Importing Required Modules
The script begins by importing several built-in Python modules that provide the necessary functionality. These modules allow the script to establish secure connections, communicate over the network, and perform time calculations.
import ssl import socket import sys from datetime import datetime, timezone
The ssl module handles encrypted TLS connections and allows the script to retrieve certificate information. The socket module creates the underlying network connection that SSL operates on top of. The sys module allows command-line arguments to be passed to the script, which makes it easier to automate and customize. The datetime module allows the script to convert expiration dates into usable values and calculate how much time remains.
Together, these modules provide everything needed without requiring external dependencies.
Defining Configuration Values
The script defines default values that control how it behaves.
DEFAULT_PORT = 443 DEFAULT_WARN_DAYS = 30 DEFAULT_TIMEOUT = 5
Port 443 is the standard HTTPS port, so it is used by default when connecting to domains. The warning threshold is set to 30 days, which provides enough time to correct renewal problems before expiration occurs. The timeout prevents the script from hanging indefinitely if a server does not respond.
Using constants makes the script easier to maintain. These values can be changed without modifying the core logic.
Loading the Domain List
The load_domains function reads the domain list from a file.
def load_domains(filename):
domains = []
The function opens the file and reads each line individually. It ignores empty lines and comment lines to keep the input clean and readable.
with open(filename, "r") as file:
for line in file:
line = line.strip()
Each domain is added to a list, along with its port number if specified.
domains.append((line, DEFAULT_PORT))
This separation between input and logic makes the script easier to maintain and expand.
Retrieving the Certificate
The script retrieves certificate information by connecting securely to the server.

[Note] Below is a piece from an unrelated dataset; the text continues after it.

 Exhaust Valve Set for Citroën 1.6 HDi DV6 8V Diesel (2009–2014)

context = ssl.create_default_context()
with socket.create_connection((host, port), timeout=DEFAULT_TIMEOUT) as sock:
with context.wrap_socket(sock, server_hostname=host) as secure_sock:
cert = secure_sock.getpeercert()
This process establishes a secure connection and performs a TLS handshake. During this handshake, the server provides its certificate. The script retrieves the certificate and extracts the expiration date.

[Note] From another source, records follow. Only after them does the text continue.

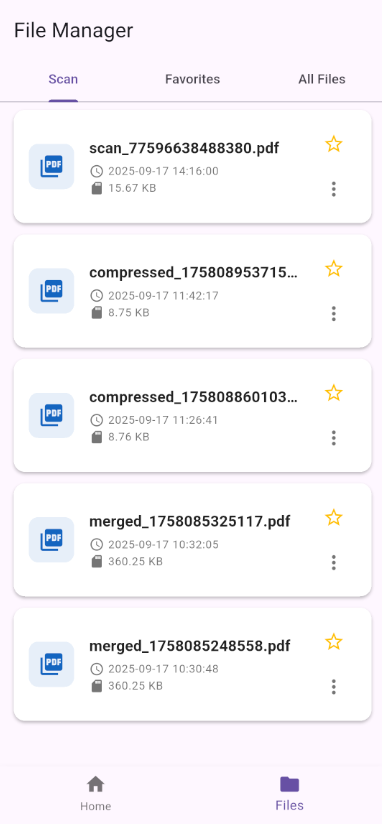 App screenshots placeholder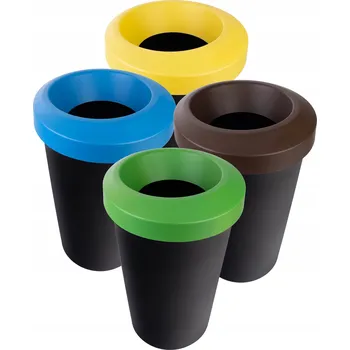 Odpadkový koš KADAX KOŠE NA TŘÍDĚNÝ ODPAD 4x25L - SADA 4 KOŠŮ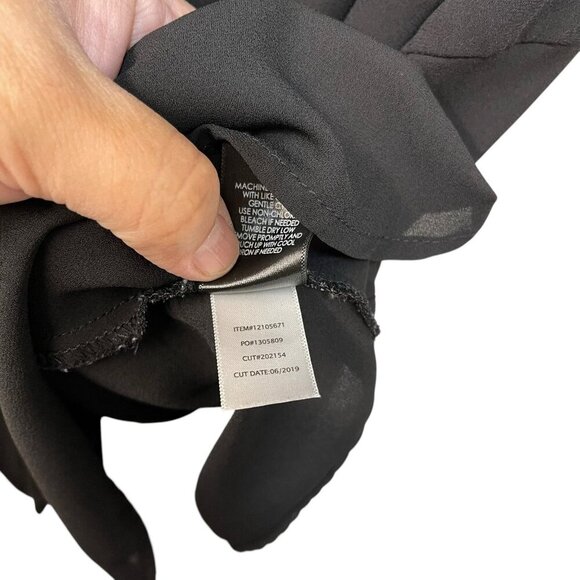 Torrid Georgette Tie-Front Flutter Sleeve Blouse Black Size 3X 22-24 Polyester - Picture 5 of 10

This approach ensures the script retrieves the actual certificate presented to visitors.
Converting and Calculating Expiration Time
The expiration date must be converted into a usable format before calculations can be performed.
expiration_date = datetime.strptime(
expiration_str,
"%b %d %H:%M:%S %Y %Z"
)
Once converted, the script calculates how much time remains.
remaining = expiration_date - now
This allows the script to determine whether the certificate is approaching expiration.
Processing and Displaying Results
The main loop processes each domain individually.
for host, port in domains:
The script calculates remaining time and displays the results clearly.
print(f"[OK] {label}")
Error handling ensures the script continues even if a domain fails.
Final Thoughts
Certificate expiration is predictable, but it is easy to overlook without monitoring. This script provides a simple and reliable way to verify certificate validity across multiple domains. It retrieves real certificate data and presents it clearly.
Monitoring infrastructure does not require complex systems. Sometimes a simple script provides the most effective solution.